ECLI:NL:GHARN:2005:AV1326
Gerechtshof Arnhem
- Eerste aanleg - enkelvoudig
- A.M. van Amsterdam
- J.L.M. Egberts
- Rechtspraak.nl
Legesheffing gebruiksvergunning kamerverhuurbedrijf en de beoordelingsvrijheid van de gemeentelijke wetgever
In deze zaak heeft het Gerechtshof Arnhem op 30 december 2005 uitspraak gedaan over de legesheffing in verband met een gebruiksvergunning voor een kamerverhuurbedrijf. De belanghebbende, die een kennisgeving van leges tot een bedrag van € 7.995,- had ontvangen, maakte bezwaar tegen deze heffing. De Ambtenaar handhaafde de legesheffing, waarna de belanghebbende in beroep ging bij het Hof. Tijdens de zitting trok de belanghebbende enkele stellingen in, waaronder de claim dat de Bouwverordening niet deugdelijk was bekendgemaakt en dat de legesheffing onterecht was opgelegd vanwege een onjuiste tenaamstelling.
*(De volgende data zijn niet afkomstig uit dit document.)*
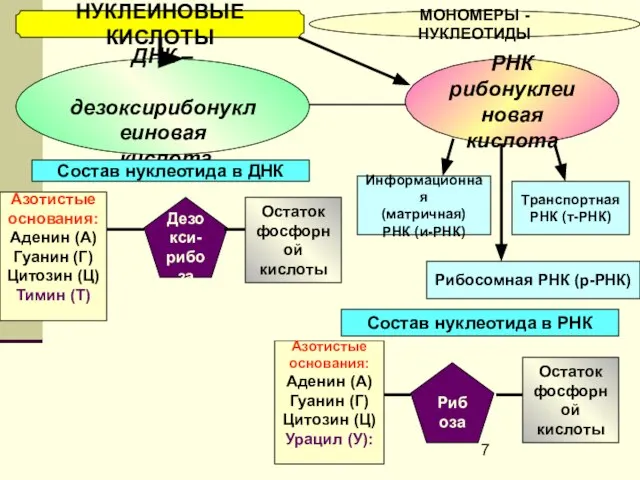 НУКЛЕИНОВЫЕ КИСЛОТЫ МОНОМЕРЫ - НУКЛЕОТИДЫ ДНК – дезоксирибонуклеиновая кислота РНК рибонуклеиновая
Het Hof oordeelde dat de Ambtenaar de legesheffing correct had vastgesteld op basis van de geldende Verordening en de bijbehorende tarieventabel. Het Hof benadrukte dat de gemeentelijke wetgever ruime beoordelingsvrijheid heeft bij het opstellen van belastingverordeningen, inclusief de beslissing om al dan niet een overgangsregeling in te voeren. De belanghebbende had niet aangetoond dat er een gerechtvaardigde vrees bestond voor misbruik van deze beoordelingsvrijheid door de gemeente.
Het Hof verwierp ook de stelling van de belanghebbende dat de leges in een wanverhouding stonden tot de kosten van de vergunning. De Ambtenaar had voldoende bewijs geleverd dat de totale kosten van het vergunningenstelsel de opbrengsten van de leges overschreden. Het Hof concludeerde dat de legesheffing niet in strijd was met het proportionaliteitsbeginsel en dat de gemeentelijke wetgever de vrijheid had om het vergunningenstelsel te herzien zonder een overgangsregeling te bieden. De uitspraak van het Hof was dat het beroep ongegrond was, en er waren geen termen voor een proceskostenveroordeling.